The FCA is to examine the level of due diligence advisers carry out when choosing a platform as part of a thematic review later this year, Money Marketing understands.
In its 2014/15 business plan last month, the FCA annouced it would be carrying out a thematic review on “effective due diligence for retail investment advice”. The regulator is still assessing the extent of the review and what it will include, though Money Marketing understands this will cover platform due diligence.
A spokeswoman for the FCA says: “We are still undertaking the scoping work for the thematic review into due diligence and will announce in due course what areas the review will cover.”
Since April, platforms have been required to charge on an unbundled basis and have to pass all rebates back to consumers on new business. The final rules state that advisers are responsible for ensuring the platforms they use are compliant.
The Platforum managing director Holly Mackay suggests advisers address questions beyond just price and functionality when choosing a platform. She says: “Advisers need to ask themselves things like: What do my clients actually need? Does this client need a platform in the first place? Do I need more than one? Does my client understand what it costs? Is the platform reliable?”

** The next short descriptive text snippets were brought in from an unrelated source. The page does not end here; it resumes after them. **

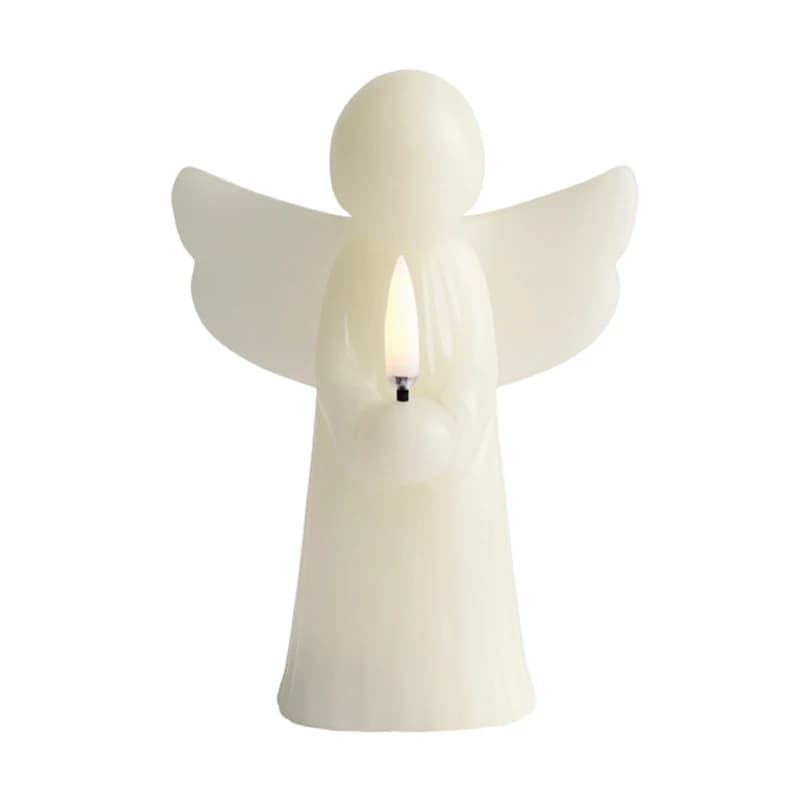 Uyuni Lighting - ANGEL LED-kynttilä, harmaa, vaha, korkeus 16 cm – Uyuni Lighting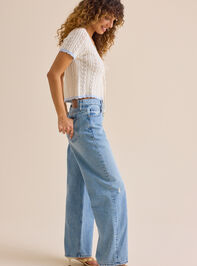 Maisie Cable Tie Front Top Detail 5 - TULLABEE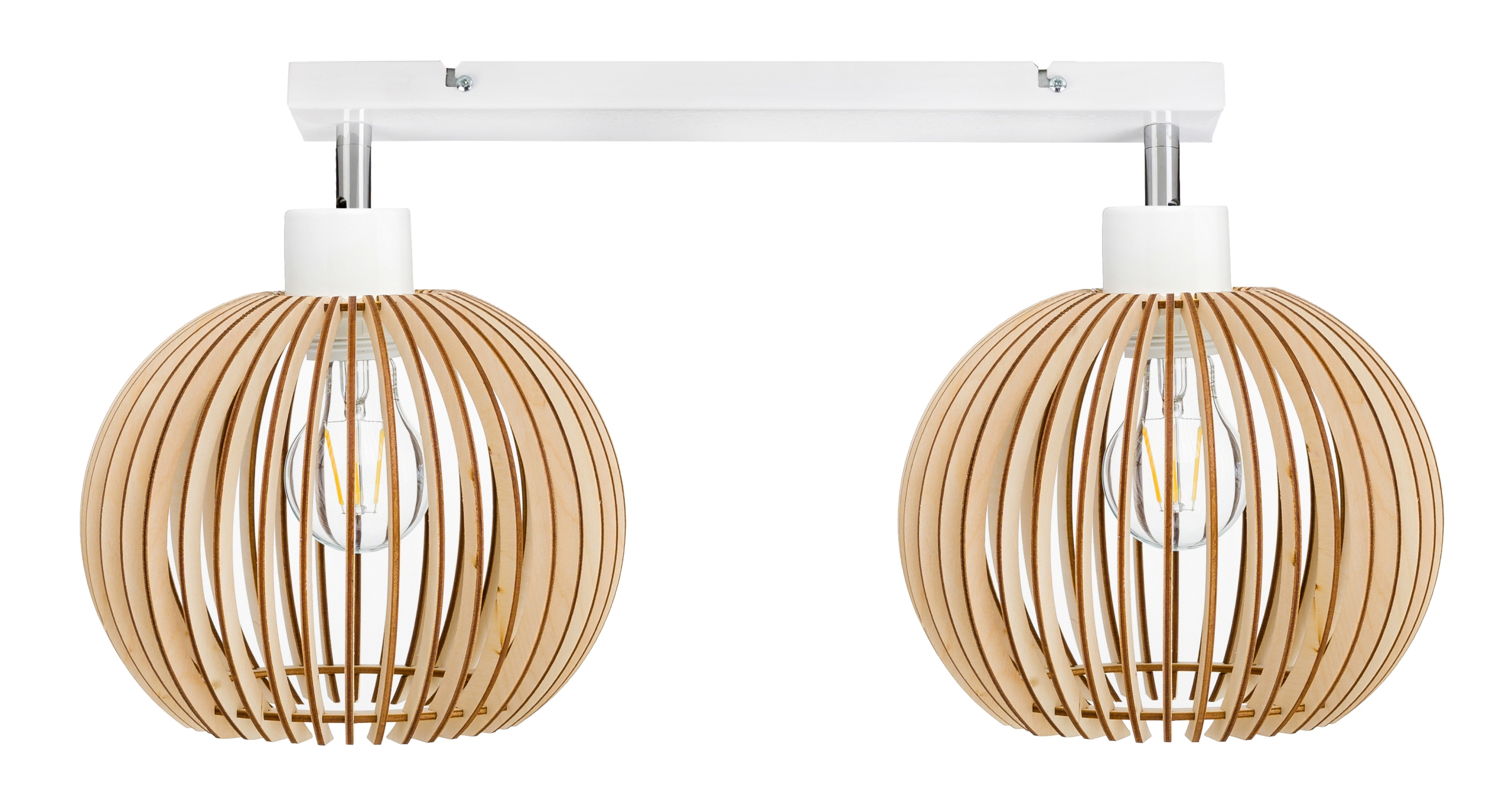 

Lampa plafon żyrandol ruchomy sufit klosz drewno 2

The Lang Cat senior consultant Sam Lynn says: “There is an in-built tension at the heart of platform use – suitability for individual clients versus scalable, repeatable efficiencies for an adviser business. That is a recipe for potential conflict of interest so it is really no surprise to see the FCA wanting to take a closer look at how advisers make their platform selections.”
Invest Southwest managing director David Penny says: “Past failures like Keydata show there can be no harm in checking advisers are working with organisations that are reputable and solvent, and that includes platforms.”